Serverless and Function Security
Identify the unique attack surface of serverless functions (over-privileged IAM roles, event injection, dependency risks) and apply least-privilege and input validation controls.
What Is Serverless Computing?
Serverless computing (Functions as a Service, FaaS) allows developers to deploy individual functions that are invoked by events — HTTP requests, queue messages, database triggers, or scheduled timers — without managing the underlying servers. Leading platforms include AWS Lambda, Google Cloud Functions, and Azure Functions. The cloud provider manages patching, scaling, and infrastructure. While this reduces operational burden, it shifts the security responsibility model: the provider secures the runtime, but the developer is solely responsible for function code, permissions, and configuration.

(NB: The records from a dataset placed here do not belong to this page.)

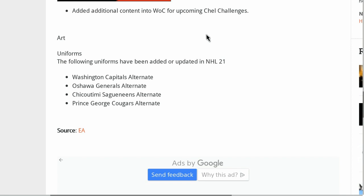The following uniforms have been added or updated in NHL 21: Washington Capitals alternate, Oshawa Generals alternate, Chicoutimi Sagueneens alternate (I probably said that wrong), and Prince George Cougars alternate. But that's pretty much all they've got in this small update, guys.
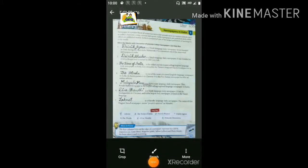Good morning students. Today we are going to start our first chapter in class 6. The name of the chapter is Newspapers in India.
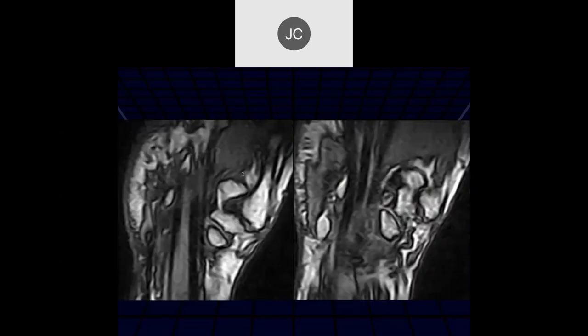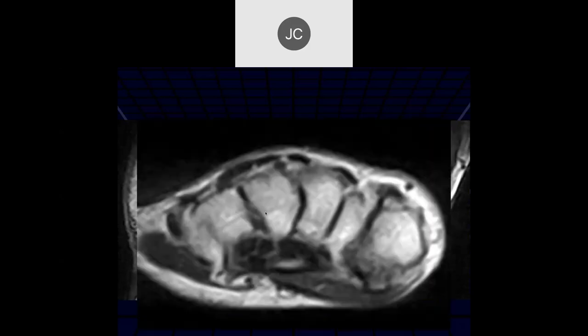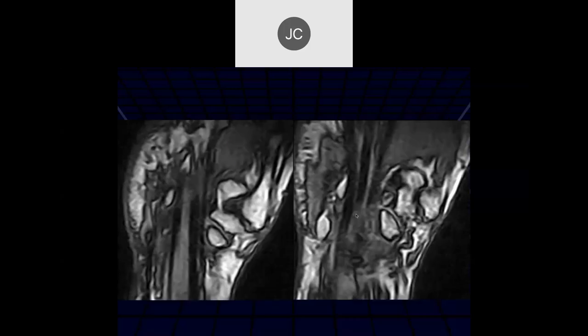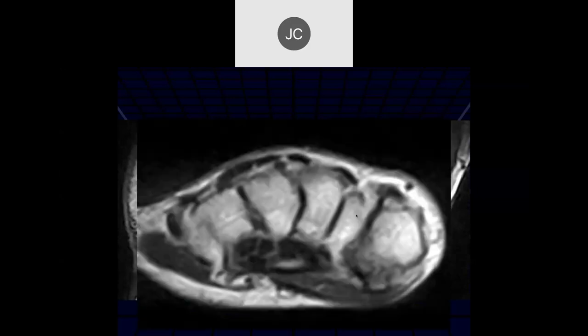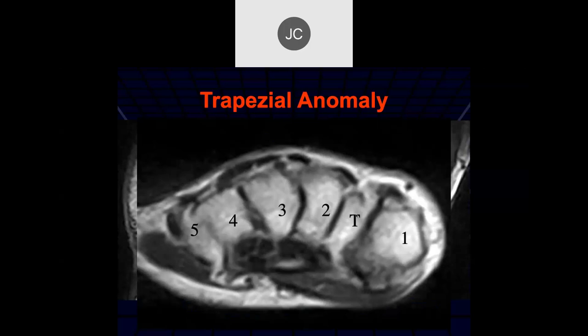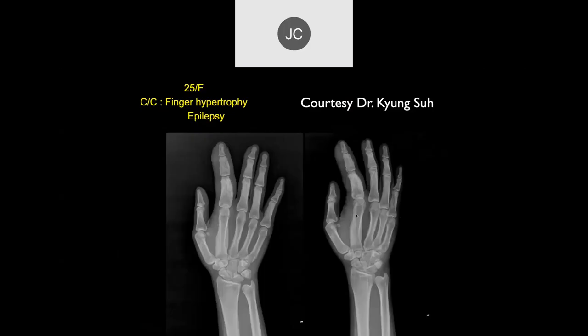Here we see a big deformity between the regular carpal bones — a trapezial anomaly. It probably has a name that I haven't been able to find, but it's an uncommon though not rare deformity of the carpal bones — an abnormal trapezium.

Unique Serverless Attack Surface
Serverless functions present a distinct attack surface compared to traditional applications: functions are typically short-lived (seconds to minutes), making traditional EDR and network monitoring less effective; they are event-driven, meaning many different input sources (S3 events, API Gateway, SNS) can trigger execution; they often run with IAM permissions that can access other cloud resources; and they consume third-party dependencies (npm, pip packages) that may contain malicious code. The attack surface is defined by event inputs, IAM permissions, and dependency trust chains.